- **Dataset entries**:
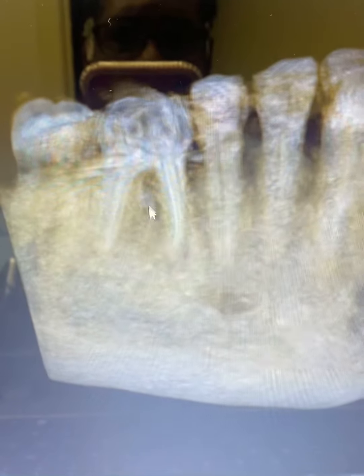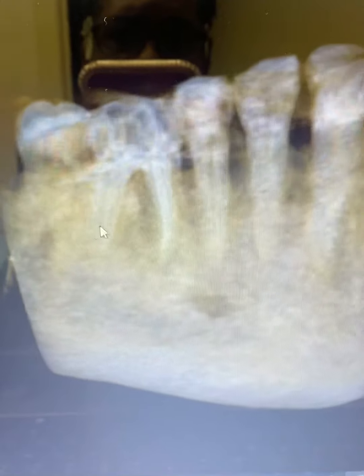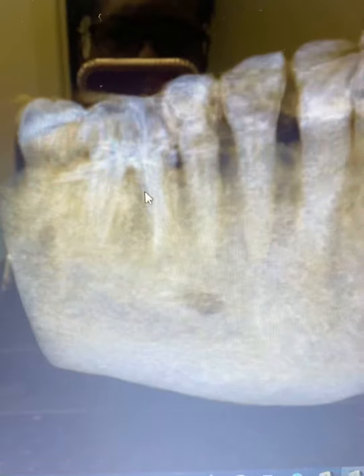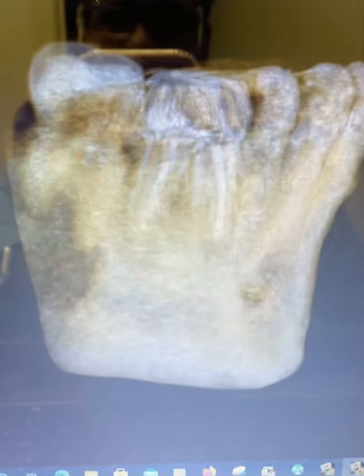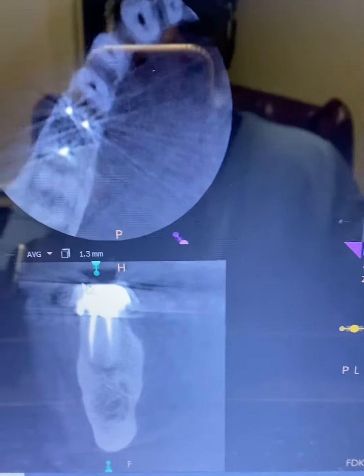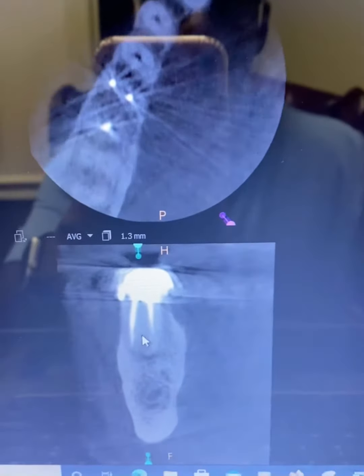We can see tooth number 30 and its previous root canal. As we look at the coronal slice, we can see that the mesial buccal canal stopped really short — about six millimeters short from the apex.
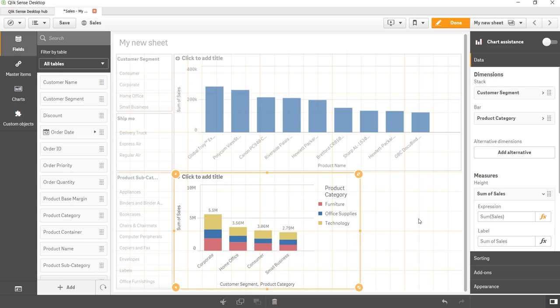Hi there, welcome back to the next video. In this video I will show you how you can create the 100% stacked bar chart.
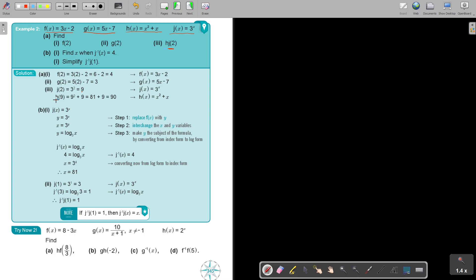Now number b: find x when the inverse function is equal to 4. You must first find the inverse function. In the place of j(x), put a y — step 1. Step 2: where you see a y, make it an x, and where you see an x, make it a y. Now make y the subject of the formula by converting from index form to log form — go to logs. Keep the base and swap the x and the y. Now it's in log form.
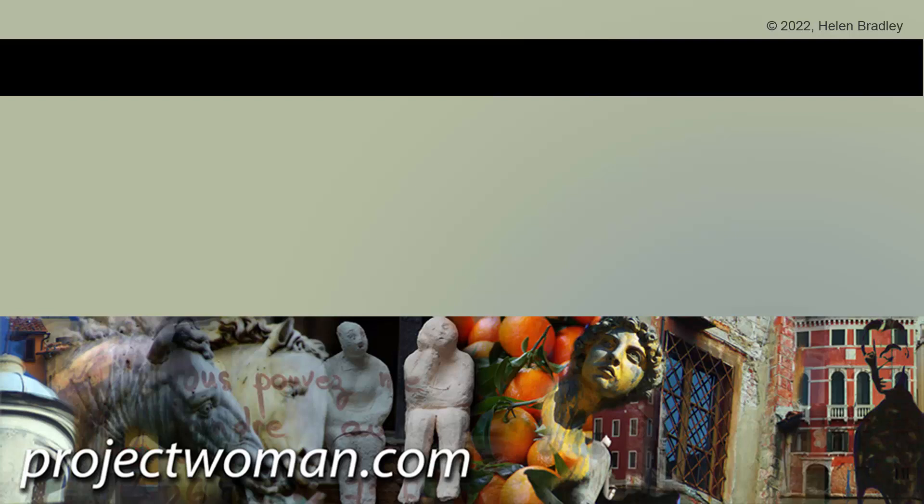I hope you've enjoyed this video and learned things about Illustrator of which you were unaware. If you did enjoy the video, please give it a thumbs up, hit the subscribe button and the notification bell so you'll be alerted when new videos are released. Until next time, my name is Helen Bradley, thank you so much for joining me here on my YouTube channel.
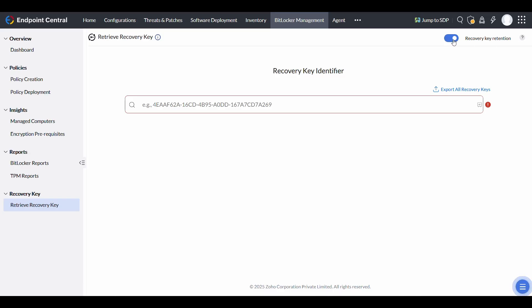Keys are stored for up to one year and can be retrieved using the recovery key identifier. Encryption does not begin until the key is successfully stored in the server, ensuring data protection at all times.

- **Task brief**: Print out the entries once more, unchanged. No pictures.

- **Answer box**:
We can see tooth number 30 and its previous root canal. As we look at the coronal slice, we can see that the mesial buccal canal stopped really short — about six millimeters short from the apex.
Hi there, welcome back to the next video. In this video I will show you how you can create the 100% stacked bar chart.
Now number b: find x when the inverse function is equal to 4. You must first find the inverse function. In the place of j(x), put a y — step 1. Step 2: where you see a y, make it an x, and where you see an x, make it a y. Now make y the subject of the formula by converting from index form to log form — go to logs. Keep the base and swap the x and the y. Now it's in log form.
I hope you've enjoyed this video and learned things about Illustrator of which you were unaware. If you did enjoy the video, please give it a thumbs up, hit the subscribe button and the notification bell so you'll be alerted when new videos are released. Until next time, my name is Helen Bradley, thank you so much for joining me here on my YouTube channel.
Keys are stored for up to one year and can be retrieved using the recovery key identifier. Encryption does not begin until the key is successfully stored in the server, ensuring data protection at all times.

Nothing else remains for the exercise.